The task:
Would it be possible to output exactly, and only, the lines below from the one holding "Green grape, country" to the last line, both included, with every picture left out?

Data segment:
---*---
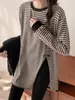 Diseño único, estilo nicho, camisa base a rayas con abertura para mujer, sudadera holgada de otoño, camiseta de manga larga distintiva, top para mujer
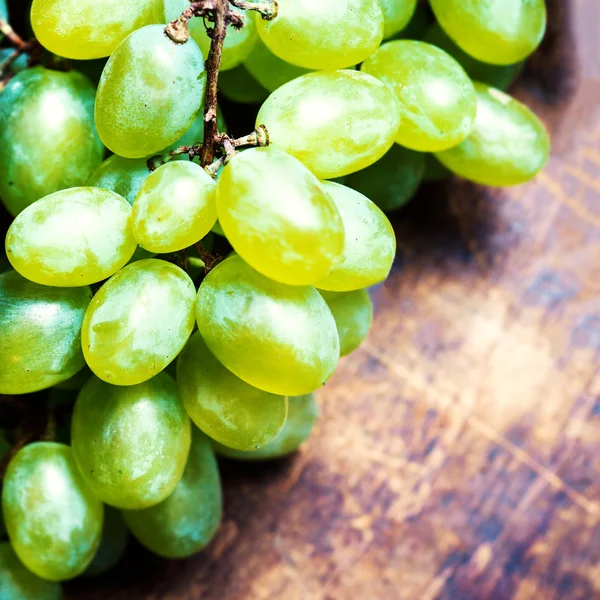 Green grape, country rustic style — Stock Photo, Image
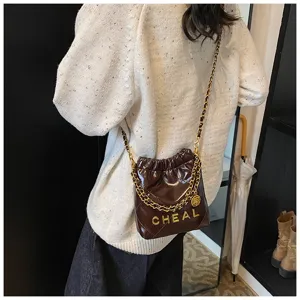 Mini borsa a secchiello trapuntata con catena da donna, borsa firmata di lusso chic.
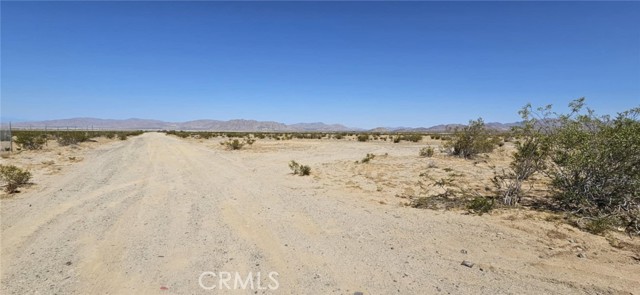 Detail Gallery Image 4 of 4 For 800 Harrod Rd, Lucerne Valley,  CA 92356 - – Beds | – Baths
---*---
Response below:
 Green grape, country rustic style — Stock Photo, Image
 Mini borsa a secchiello trapuntata con catena da donna, borsa firmata di lusso chic.
 Detail Gallery Image 4 of 4 For 800 Harrod Rd, Lucerne Valley,  CA 92356 - – Beds | – Baths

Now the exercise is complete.